The first thing actress Lynne Griffin did when she returned to Leaside from living and working in Hollywood for 12 years was to kiss the ground.
“I felt so liberated,” she says, “I realized that rather than have to jump in a car I could walk from my wee house on Cleveland St. to all the places that I love in the neighbourhood.”
These destinations include the shops on Bayview such as The Elegant Garage Sale, and Chai restaurant, where she and her husband Sean were regulars before it closed this year.
Still in the same house, just west of Bayview, on the North Toronto side, Griffin enjoys a close proximity to the Leaside Memorial Gardens, the Leaside Library, and a local knitting club, She is such a fan of the handicraft that she has developed a Facebook page in tribute to it, On warm summer evenings, she and Sean watch baseball games at Trace Manes Park.
All that makes her feel like a Leasider.
Each spring she attends the Awesome rummage sale at Leaside United Church, This year she purchased wind chimes for $4, and some baked goods, including her usual favourite, date squares.
One of her best memories is of George Hurst, former president of the local Rotary Club, delivering to her house a couch she had bought, even removing two doors to get it into her living room.

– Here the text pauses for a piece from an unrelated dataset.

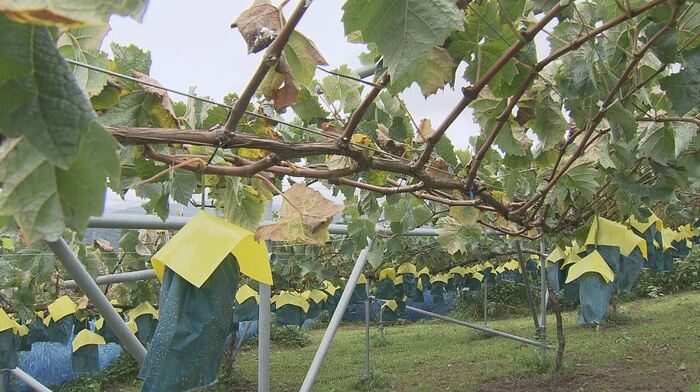 盗難被害にあったブドウ畑　長野県中野市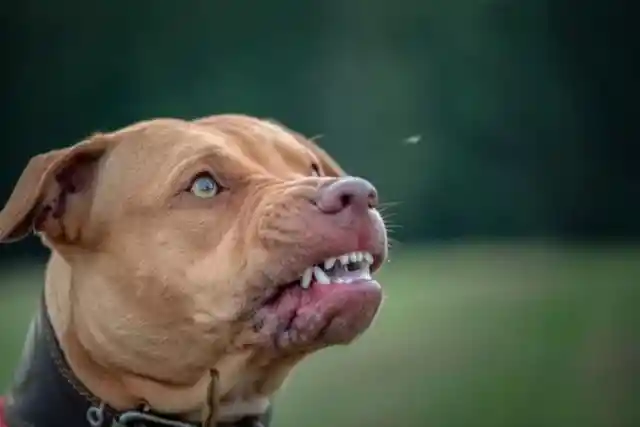 The Tables Turned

“That’s the kind of service you won’t get in most places,” she says, “and certainly not for free!”
Although born in Willowdale, Griffin moved close to Leaside at a young age, Her mother Kay, an actress, ran a talent agency,
One of Griffin’s earliest performances was starring in George Bernard Shaw’s Arms and the Man at the Bayview Playhouse, that subsequently became Bruno’s (“I figured out that either the stage or my dressing room became the meat counter.”) and now Shoppers Drug Mart.
There were numerous television roles in the early 1970s, as well as appearances in Shakespearean plays, and at the Stratford Festival. Then came film roles and Hollywood.
Ultimately, as exciting as hobnobbing with the likes of Steven Spielberg and Richard Dreyfus might have been, Griffin yearned to return to Canada, and Leaside in particular, Today, she and Sean perform in many fringe theatre productions in and around Toronto, recently concluding a run in a play called Vinegar Tom,
At this year’s Leaside Garden Society Plant Sale at Trace Manes, Griffin bought velvety burgundy primroses and delphinium. Likening them to her career, she is thrilled that these perennials will continue to bloom for years to come.
And she knows she’ll find inner peace in Leaside, “There’s a small town feeling to the neighbourhood that doesn’t exist in any other big city that I know of,” she says, “It renews my spirit.”